SERNNoCa Research Report Series

The objective of the SERNNoCa Research Report Series is to publish useful new primary research findings related to the social economy in Northern Canada. The series is peer-reviewed and the evaluation of the manuscripts will be based on:

  1. General quality of the presentation
  2. Originality of the research being described
  3. Relevance to the objectives of SERNNoCa
  4. Quality of the research

For complete details see the guidelines for research reports and the evaluation form at: Guidelines and Evaluation form

Coming soon - new research report: "Social Capital an the Social Economy in the Canadian North: A Preliminary Analysis" by Danielle McLean, Chris Southcott and Jianye Liu. Currently under review - to be posted when completed.

Research Reports

Research Report RR#1 - 2010

The Social Economy and Nunavut: Barriers and Opportunities

Chris Southcott, Valoree Walker, Jennifer Wilman, Carrie Spavor, Karen MacKenzie
 

Executive Summary

Nunavut and the rest of the Canada's North has undergone tremendous social, cultural, and economic change over the past 60 years. Northern communities have gone through processes of development quite different from most other communities in Canada. These processes have resulted in many unique challenges. These challenges now require new approaches that serve to assist these communities ensure healthier and sustainable futures.

One of these new approaches is that of the social economy. It is an approach which seeks to empower communities by developing social capital and human capital capacity through assisting non-profit, voluntary, and co-operative organizations work more effectively in the interests of their communities. This report is part of an initial evaluation of the potential of the social economy to assist Northern communities deal with changes these communities are experiencing. Before a proper evaluation starts we need to first find out what the current state of these organizations are. What are the current conditions of the social economy in Northern Canada? Are there particularities that make the social economy approach to economic and social development more or less viable in Northern communities?

This report is an initial attempt to provide a portrait of the social economy in Nunavut and to outline the barriers and opportunities. It starts with a brief introduction to the social economy research project that is currently underway in the region and the key unique aspects of the social economy in the north that is guiding this research.

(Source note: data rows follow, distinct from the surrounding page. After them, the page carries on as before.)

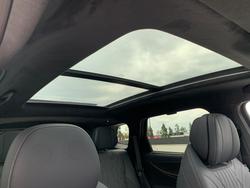 2025 Jaecoo J8 Ridge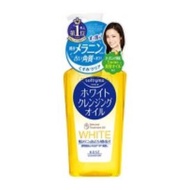 Kose Softymo 美白卸妝油 230ml (淺黃)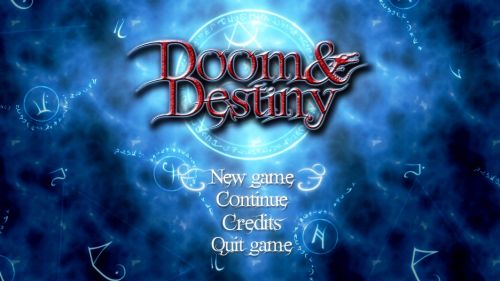    (Doom & Destiny) v1.7.8.9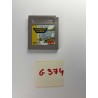 Torpedo Range Game Boy (GB)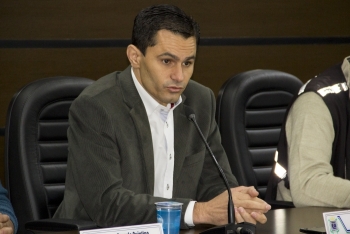 Cada instituição apontada por Pacheco, caso a indicação seja aplicada, vai receber R$ 19,5 mil.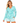 Palmyth Women's Fishing Shirt Long Sleeve UPF 50+ Quick-Dry V Neck PA5TTS08NB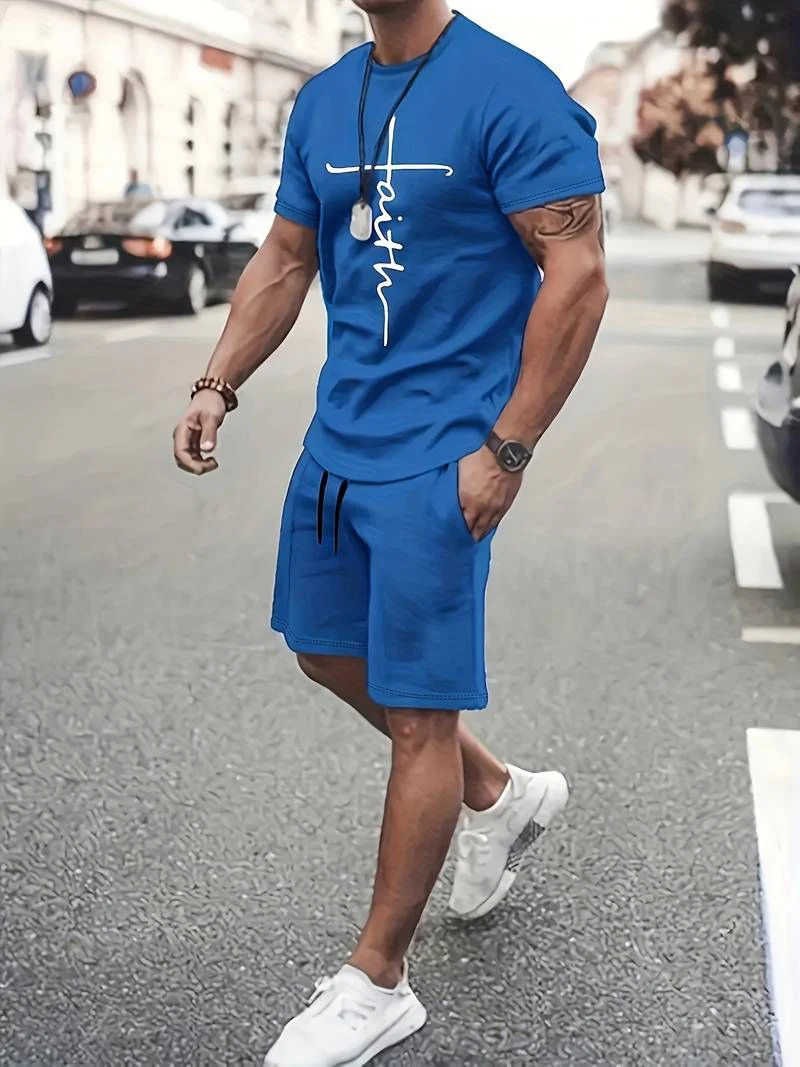 Gonzalo® | Casual Summer Set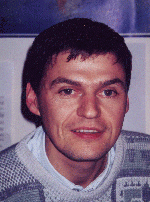 Norbert Mercier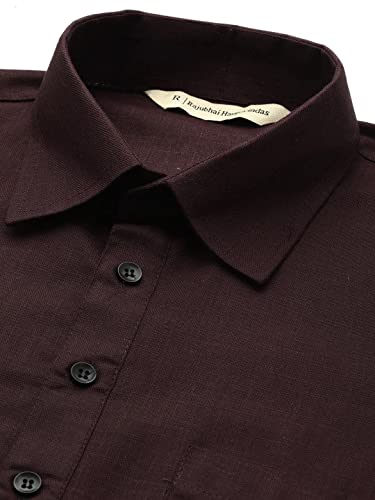 Image of Rajubhai Hargovindas Men's Premium Pathani Kurta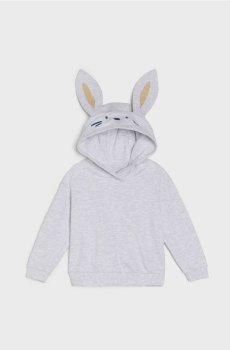 Кофта - сірий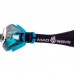 Окуляри для плавання юніорські дзеркальні лінзи MadWave AQUA MIRROR JUNIOR M041504 кольори в асортименті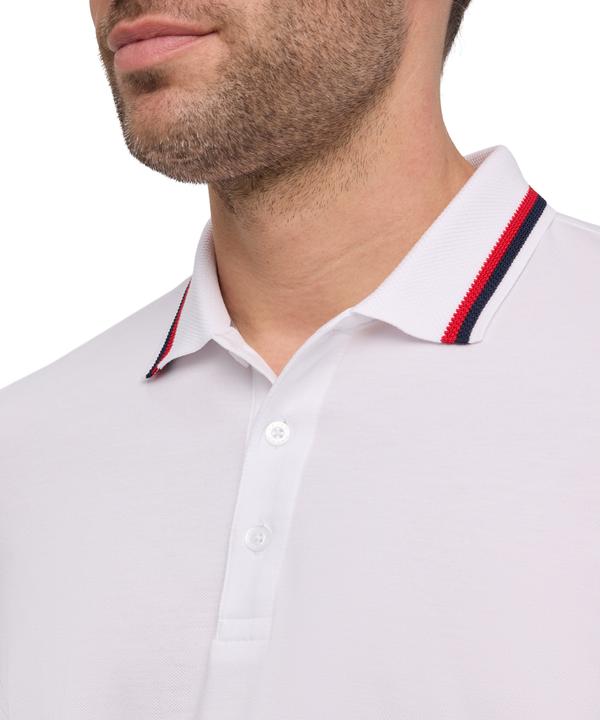 Produktbild Falke FAV Sporty Pima Piqué Polo m (3XL)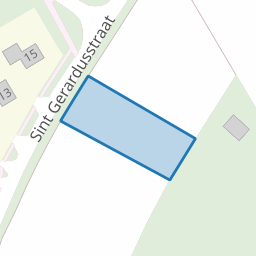 Perceel EMN00-AE-2562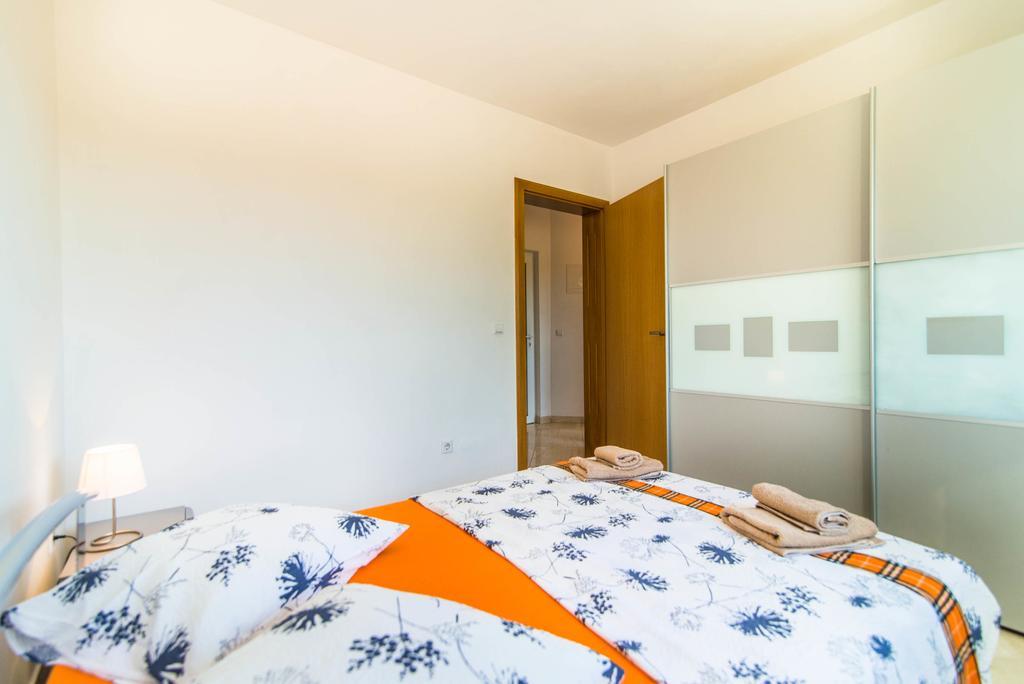 Apartment Una 2 Pula Exteriér fotografie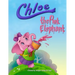 Chloe the Pink Elephant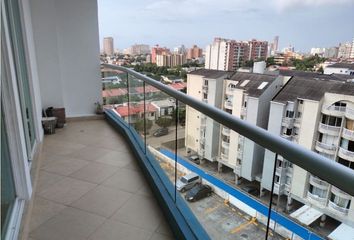 Apartamento en  Corregimiento Juan Mina, Barranquilla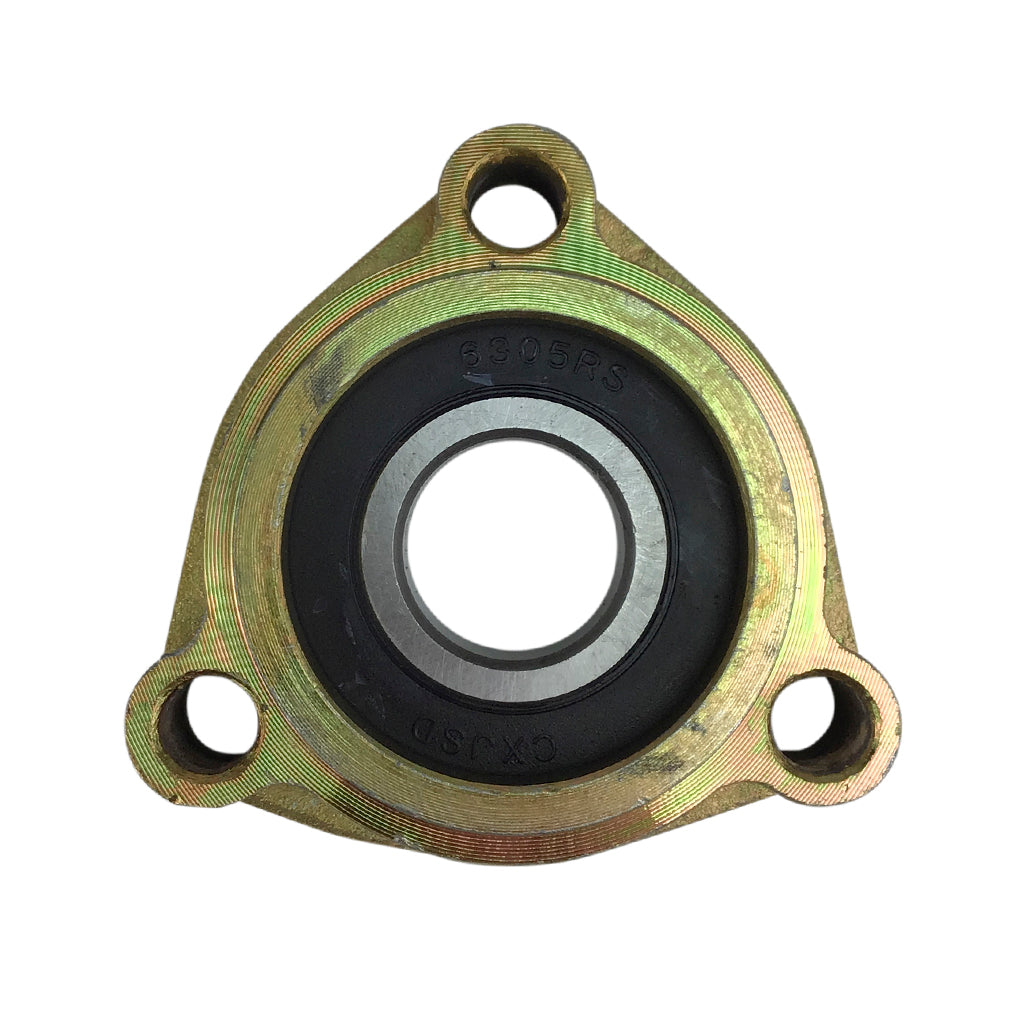 Axle Bearing Hub for Go-Karts - Arrow, ATK125A, Jeep Auto, Targa - VMC Chinese Parts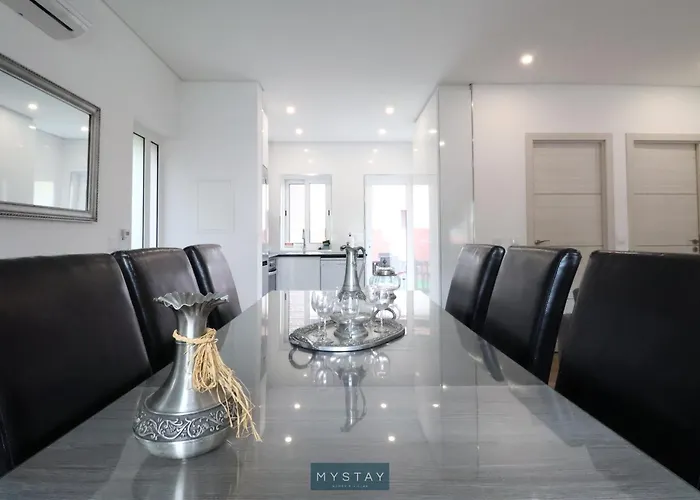 Mystay - Casa Do Louro 펜션 *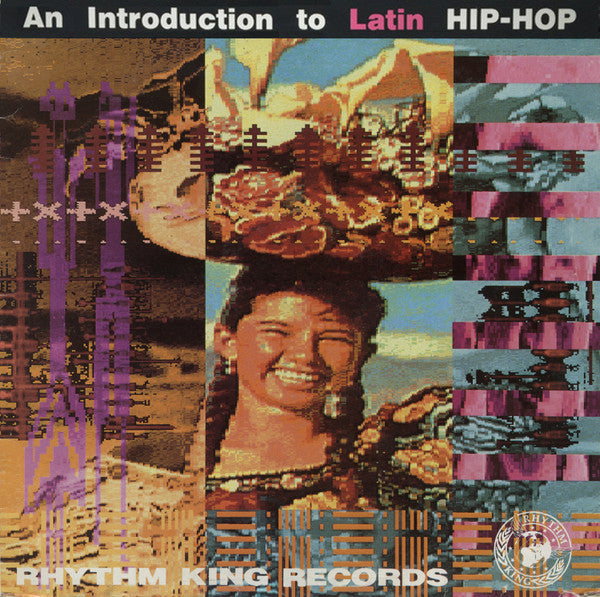 An Introduction To Latin Hip-Hop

This is followed by an analysis of the 2003 nation-wide survey of non-profit and voluntary organization. This survey showed that there are more social economy organizations in the Canadian North than in other regions of Canada. Other research, commissioned by the Nunavut Economic Forum, on non-profits in Nunvavut showed that these organizations are facing funding and human resource difficulties.

Finally the report outlines initial results from an on-going census of social economy organizations currently being administered by SERNNoCa researchers. This survey, undertaken during 2008, has confirmed the findings of these earlier studies and given us a better understanding of some of the characteristics of these organizations. When compared to the other Northern territories Nunavut has a much higher percentage of social economy organizations engaged in activities that elsewhere are provided by profit-oriented private sector organizations.  Social economy organizations in Nunavut tend to be younger then those elsewhere in Canada. Nunavut has a much smaller percentage of organizations that are legally registered as charitable organizations. Membership numbers for social economy organization show healthy growth with a relatively high level of activity although fewer of these organizations use volunteers than in the other territories.

 

Research Report RR#2 - 2011

Yellowknife's Voluntary and Nonprofit Sector: A Portrait of a Northern Social Economy

Jerald Sabin

This research report makes three overlapping arguments.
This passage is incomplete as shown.